So ist es, unser Fernsehen: Grauen und Glamour feinsinnig dramatisiert, in einem Programm, das den Trotzdem-Aspekt ins Absurde steigert. Das ist, wie wenn ein Boxer zuerst verprügelt wird und dann in den Ring steigt. Oder wie wenn wir zuerst Gerhard Schröder wählen und dann soziale Gerechtigkeit verlangen.

Das Datum freilich darf auch im Leben jenseits des Fernsehens nicht allein als Beschwörung des magischen Glücks erscheinen. Firmen verteilen großherzig Geschenke an Paare, die sich heute trauen lassen, so bekommt auch da jeder, was er verdient: die einen eine Kaffeemaschine, die anderen günstige Reklame.
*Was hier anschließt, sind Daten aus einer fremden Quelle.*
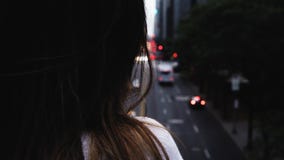 Großaufnahme der weiblichen Stellung des jungen Brunette auf der Brücke und des Schauens auf der Verkehrsstraße in New York, Amer stock footage Großaufnahme der weiblichen Stellung des jungen Brunette auf der Brücke und des Schauens auf der Verkehrsstraße in New York, Amer stock footage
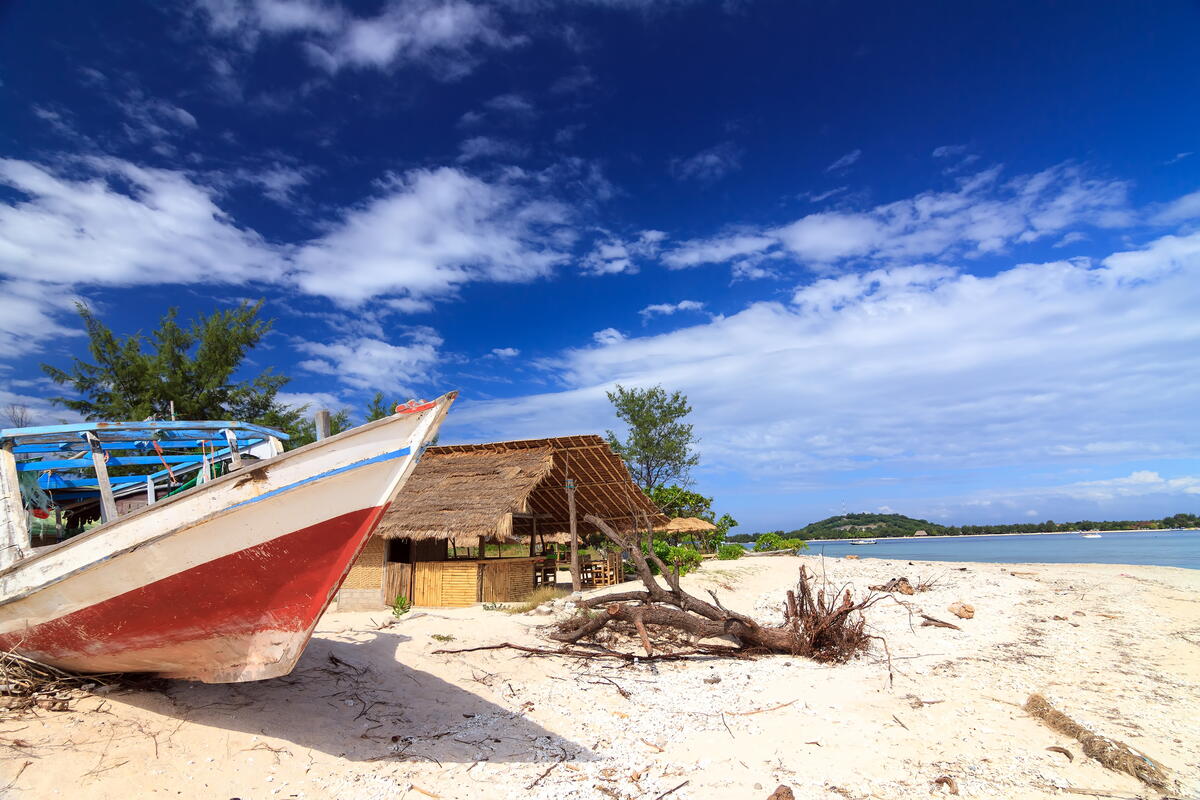 Ein ehemaliges Fischerboot liegt am Strand von Lombok neben einer Hütte unter einem strahlend blauen Himmel.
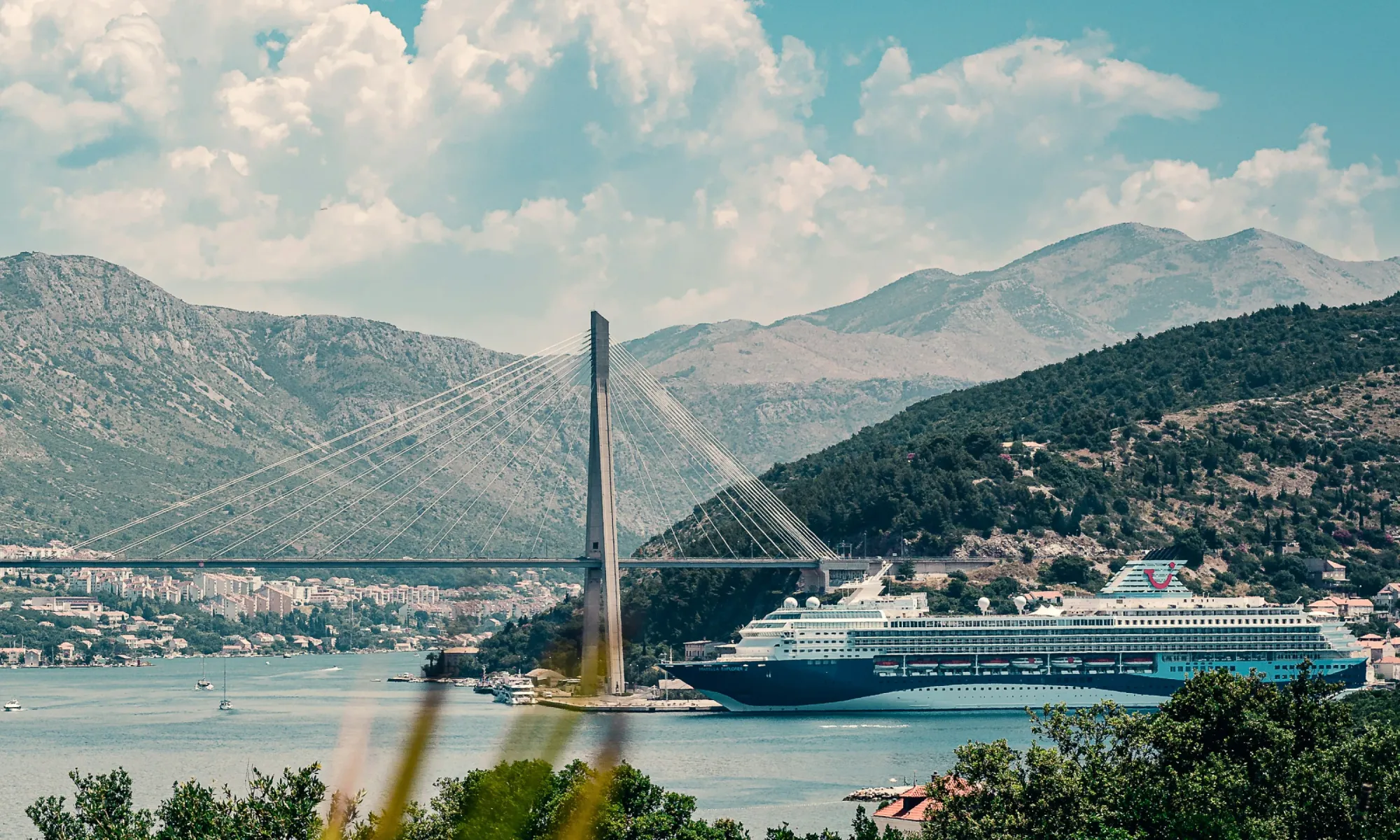Cable-stayed Franjo Tuđman Bridge in Dubrovnik with a large cruise ship docked below, mountains in the background.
Das ist eine, übrigens sehr deutsche, Variante der Hoffnungen auf eine Geburt zu Silvester 2000. Ordentlich nach dem Kalender zu ficken, das passt sowieso zu uns. Vielleicht kommt man damit ja auch ins Fernsehen oder bekommt ein Jahreswindelabonnement. Wenn nicht, hat man jedenfalls etwas zu erzählen. Zum Beispiel auf der nächsten Hochzeitsfeier.